新たな研究により、ニュージーランド最大の都市オークランドの南にある断層が活動的であり、マグニチュード6.8の地震を引き起こす可能性があることが明らかになった。これは、この地域は激しい地震活動からほぼ免れているという長年の地元の信念に反する。ハヌア山脈に沿ってオークランド中心部の南東約50kmに位置するマンガタンギ断層は、過去1万年以内に破壊されたことが、ニュージーランド地質学・地球物理学ジャーナルに掲載された研究で明らかになった。

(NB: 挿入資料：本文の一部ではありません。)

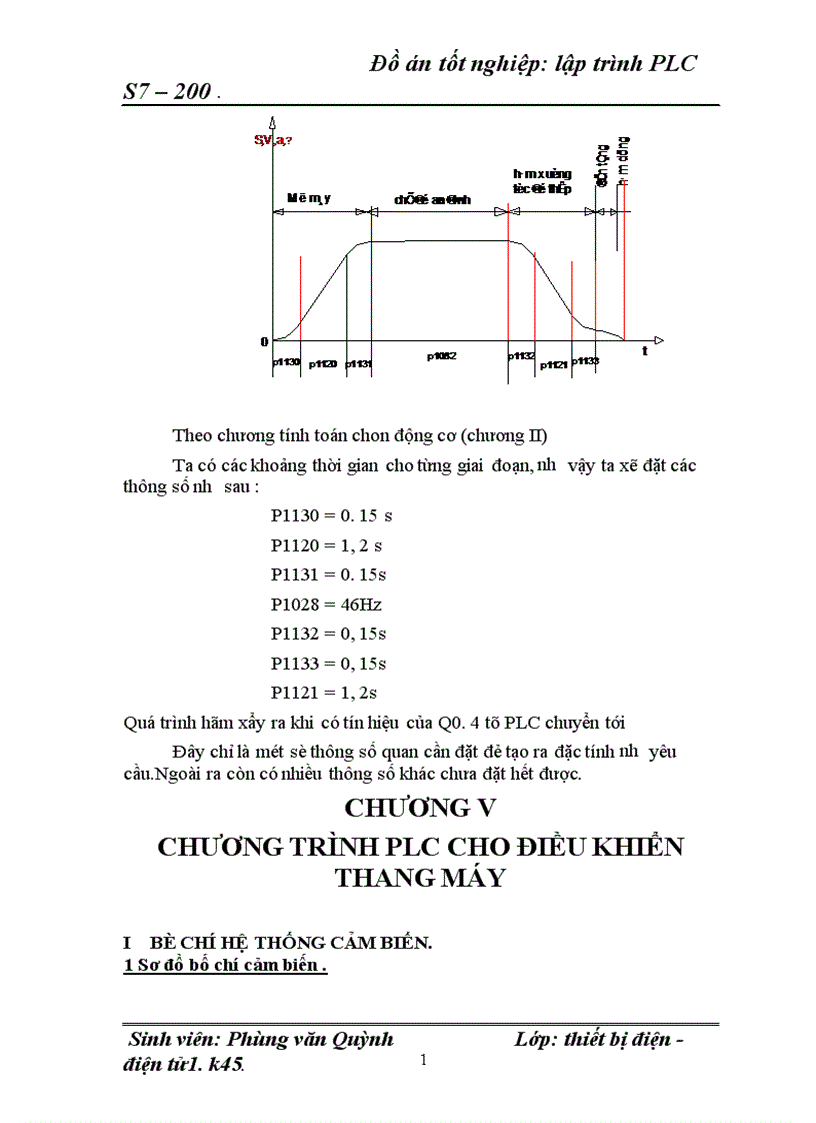 image for page Lập trình PLC S7 200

地質学者で研究の共著者であるジェームズ・ミュアヘッド博士は、断層全体が破壊された場合、南オークランドとおそらく中心部に深刻な影響を及ぼす可能性があると警告した。この研究は、オークランドまたはハヌア山脈の断層を放射性炭素年代測定した初めてのものであり、この地域の地震の歴史についてほとんど知られていないことを明らかにしている。地球科学NZの地震ハザード主任科学者アンナ・カイザー氏は、この研究だけでは国の地震ハザードモデルを変更するには至らないかもしれないが、地域の備えには極めて重要だと指摘した。

この発見は、オークランドのウェイン・ブラウン市長が2023年に政府に働きかけ、10万年間大きな地震が発生していないとして、市を地震に弱い建物規制から除外させることに成功した後に行われた。政府は2025年に除外を認め、補強工事は不要となった。ブラウン市長は新たな研究を「ナンセンス」と一蹴し、オークランドの地質は異なると主張した。しかし、ミュアヘッド氏は、市のハザードリスクは「大幅に高い」可能性があり、現在の建築規制が適切かどうかを判断するにはさらなる研究が必要だと示唆している。建築建設大臣のクリス・ペンク氏は、単一の研究で直ちに規制を変更する必要はないと述べた。